Ya se conocen los resultados de las elecciones generales en España. No se alejan demasiado de lo previsto por las encuestas, aunque el revolcón del PP ha superado los cálculos más pesimistas. Acabado el recuento, ha llegado la hora de ponerse manos a la obra desde el gobierno o
la oposición. Y crecer en una nueva mentalidad: el talento y el compromiso
–vengan de donde vengan– tienen que ponerse al servicio del bien común. No estamos para desperdiciar capital humano. No tiene ningún sentido aplicar los recursos a guerras partidistas o intestinas. Los
ciudadanos estamos bastante hartos de que se malgasten o se cometan crasos
errores “en nuestro nombre”. Las campañas electorales son un supermercado de
promesas. Todos percibimos que, en la mayoría de los casos, se trata de un
género literario, una manera retórica de encandilar al electorado a sabiendas
de que lo que se promete es muy improbable o redondamente irrealizable. Los
votantes cada vez picamos menos en esos anzuelos. No toleramos que nos tomen
por tontos o que quienes han hecho de la corrupción un estilo sigan prometiendo
honradez y transparencia. Este tipo de cosas no se prometen en los mítines, se
ganan a base de hechos. Pedimos sensatez, colaboración y altura de miras.
Escribo estas
notas en el aeropuerto Silvio Pettirossi de Asunción. Mi vuelo para Santiago de
Chile sale dentro de hora y media. Atrás quedan cinco hermosos días pasados en
Paraguay, tanto en la zona urbana de Lambaré como en la rural de Yhú. He
disfrutado de un paisaje verde, feraz, seductor. Y de una temperatura
agradable, moderada por las repetidas lluvias. Pero lo que más me ha gustado ha
sido el carácter amable de la gente y su profunda, contagiosa religiosidad.

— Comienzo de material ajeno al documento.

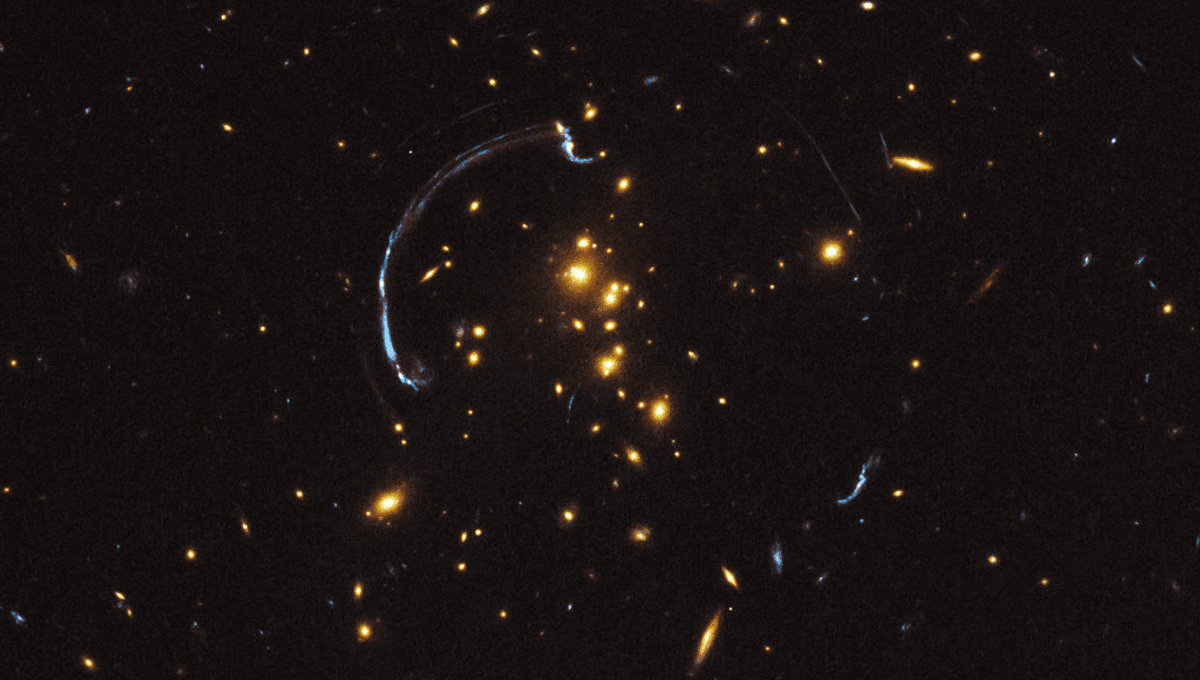 La gravedad sin masa es una nueva explicación del fracaso en encontrar materia oscura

Ayer, Domingo de la Divina Misericordia, celebré dos misas con un intervalo de
doce horas entre ellas. La primera a las 8 de la mañana en la aldea
–“comunidad”, llaman aquí– de Vaquería. Tras una procesión por los alrededores
de la iglesia con la pintura del Jesús de la Misericordia, tuvimos la
celebración. El templo estaba abarrotado. A pesar de que añadieron bancos,
había bastantes personas de pie: niños, jóvenes, adultos y ancianos. Lo mismo
sucedió en la misa vespertina celebrada a las 8 de la tarde en la parroquia de
san Juan Bautista de Lambaré. Habría unas 450 personas. Me gustó la presencia
de laicos responsables de las moniciones, lecturas, cantos y demás servicios
litúrgicos. Todo funcionó con la suavidad y el ritmo de lo que constituye un
hábito.
Sin Eucaristía no
hay comunidad. Y sin comunidad no es posible reconocer a Jesús como el
Viviente. Creo que son dos mensajes claros proclamados en el Evangelio de ayer.

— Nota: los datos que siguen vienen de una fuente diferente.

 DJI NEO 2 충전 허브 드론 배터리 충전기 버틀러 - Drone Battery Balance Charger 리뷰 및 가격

Por eso, me produce una inmensa tristeza seguir escuchando a algunas personas
que se consideran creyentes que la Eucaristía es un rito insignificante, que ya
no dice nada en la cultura secular y que “lo importante es ser buenas
personas”. Cada vez que escucho este tipo de discursos me pregunto de dónde han
brotado y a qué responden. Desde luego, no provienen ni de la Escritura ni de
la bimilenaria Tradición de la Iglesia. Quizás de un planeamiento que se abrió
pasó en los años 60 y que oponía culto y profecía, celebración y compromiso.

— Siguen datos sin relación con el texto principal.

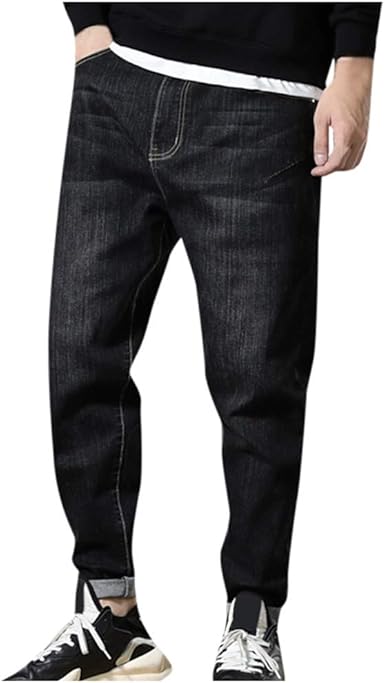 VPASS Pantalones Vaqueros para Hombre, Pantalones Casuales ...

Quien así procedía asimilaba la Eucaristía a los viejos cultos
veterotestamentarios contra los cuales tronaron algunos profetas. Pero la
Eucaristía cristiana no tiene nada (o muy poco) que ver con eso, por más que a
veces la hayamos desfigurado. La Eucaristía es memoria viva de Jesús,
acontecimiento eclesiogenético, si se me permite este concepto esdrújulo. ¿Cómo
vamos a encontrarnos con el Resucitado si nos alejamos de su comunidad y del
sacramento que “hace” a la comunidad?